By Yash Bisht
Students at Lewis & Clark have been abandoning their footwear for years. Fall 2018 seems to be a great time for embracing the pleasures of walking about barefoot. One might assume that students have decided to walk around without footwear because of the unexpected clear skies or some spiritual inclinations. In fact, the barefoot culture at LC has always been a subculture at LC. However, some shoe wearing students find the practice concerning. Arista Engineer ’19 shares these concerns.
“Do they know the health risks involved?” Engineer said. “Doesn’t it hurt them because our campus is so uneven? I’m not sure that it’s necessarily healthy.”
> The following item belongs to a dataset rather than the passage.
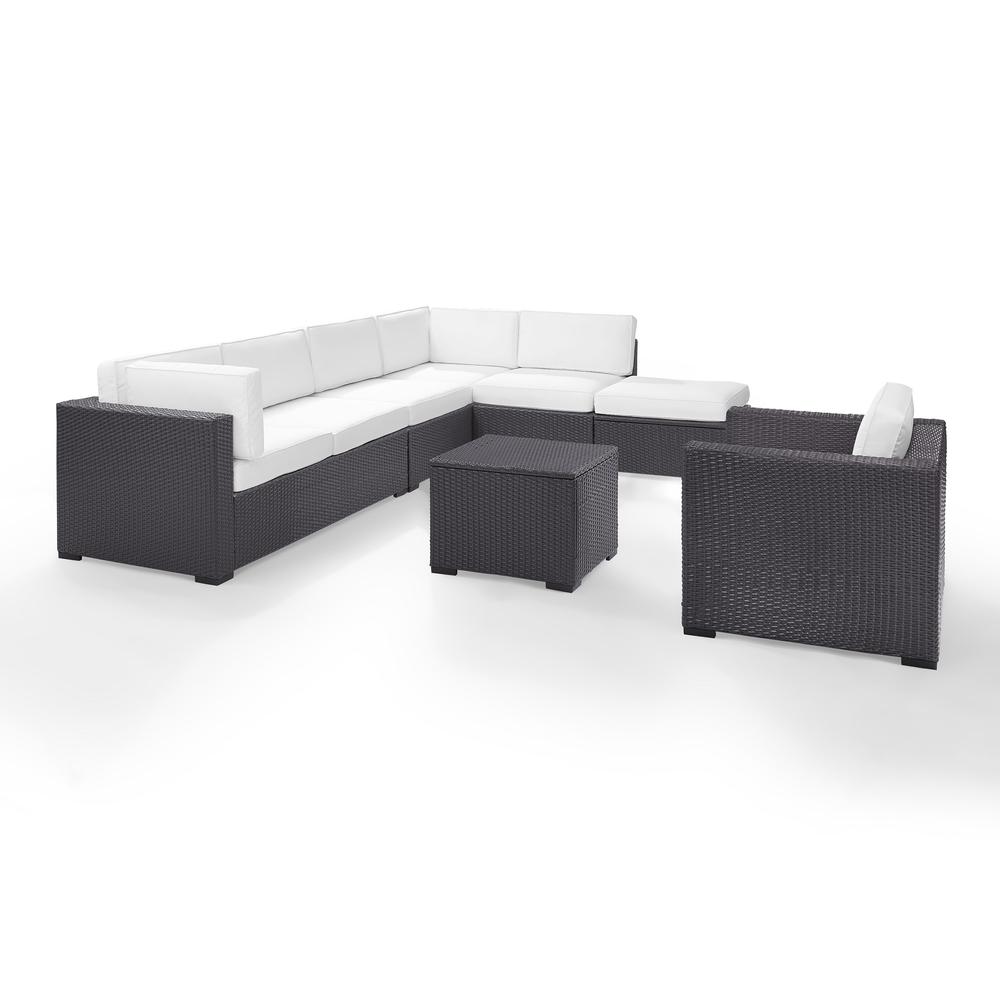 Biscayne 6Pc Outdoor Wicker Sectional Set White/Brown - Armless Chair, Arm Chair, Coffee Table, Ottoman, & 2 Loveseats. Picture 3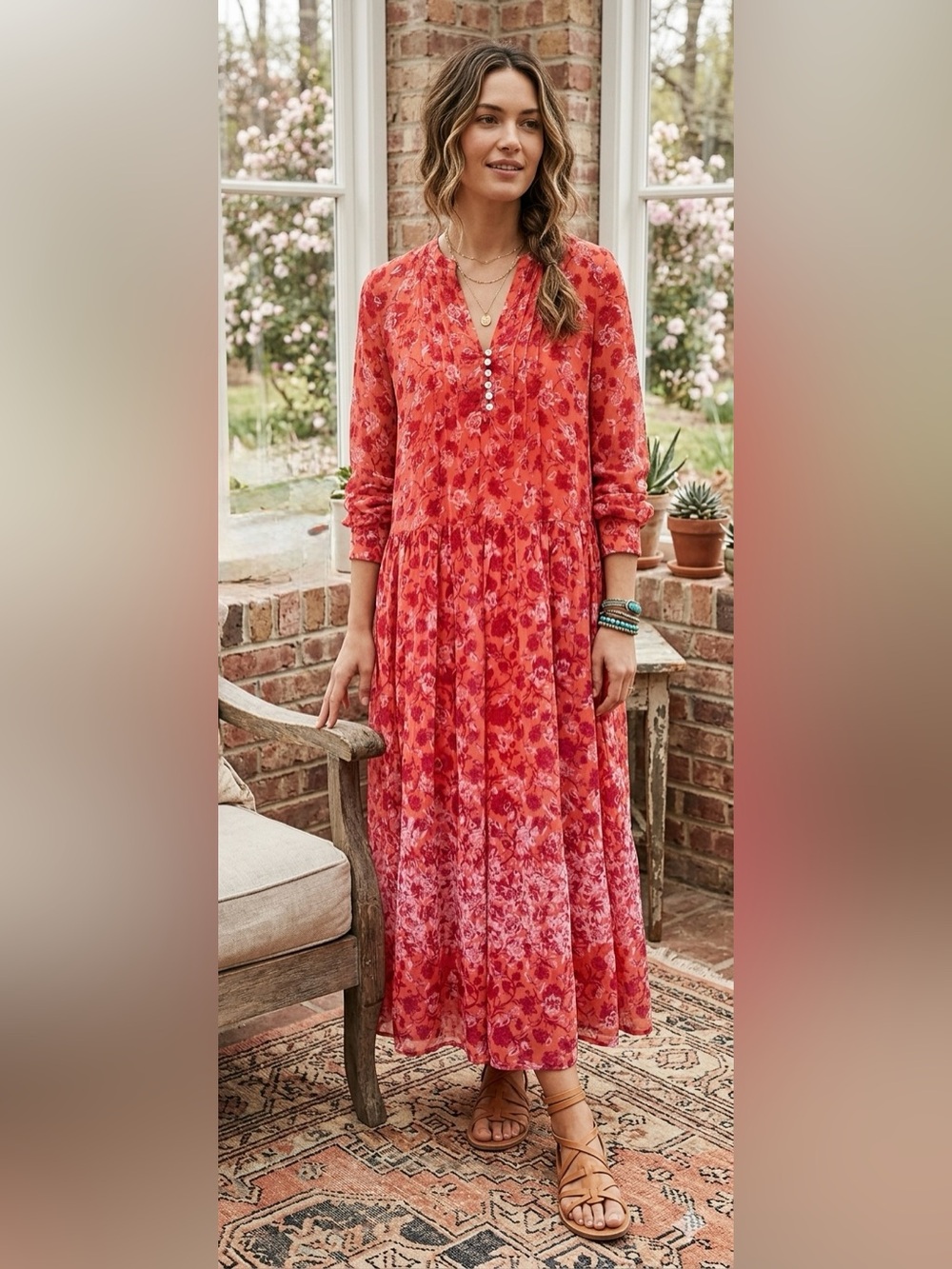 Free People Coral See It Through Flowy Long Sleeve Maxi Dress Size Small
Sherlock Ortiz ’21 and Colin Crompton ’21 have been going barefoot recently. Ortiz started walking barefoot this semester. He hopes to carry this habit into the spring.
“For the most part, it’s because I try to swim a lot … as much as I can,” Ortiz said. “It’s really bothersome for me to put on socks after going swimming. It feels weird,”
Ortiz carries around flip- flops that he wears at the Bon for sanitary reasons. Otherwise, he finds walking without shoes convenient. He doesn’t mind the feel of the mud or the wet pavements.
Ortiz finds the experience of going barefoot liberating but his reasons are not spiritual.
“Yes, I do kind of like the feel of the ground beneath my feet but that’s not the main reason why I do it,” Ortiz said. “It’s not to feel more of a connection with nature or anything. It’s just easier and if I need to move fast I have my flip -flops with me.”
Crompton has enjoyed walking barefoot since childhood and is accustomed to it. His family has always valued individuality and allowed him to express it as a child. Crompton doesn’t carry his shoes around because he finds them too heavy. The soles of his feet have toughened up over time and he doesn’t need boots in pleasant weather.
“Normally, it’s just a summertime thing for me. I end up losing my calluses during the winter,” Crompton said.
Crompton would recommend going barefoot to other LC students.
“I like how free it feels. While wearing shoes it always takes a fair amount of effort to run around and do all of that stuff. I think because when I do wear shoes they are really heavy boots, the contrast is greater. When I remove my shoes, suddenly, I don’t have all this weight on my feet and I just want to run around,” he said.
Like Ortiz, Crompton wears shoes in public dining halls due to sanitary reasons as well and does see some disadvantages in going barefoot as well.
“I have a few injuries because of not wearing shoes. I guess that’s the downside of it,” Crompton said.
Both Ortiz and Crompton believe that the pros outweigh the cons when it comes to barefootedness. The freedom and convenience of not wearing shoes is what has made barefoot culture a quirk of life at LC.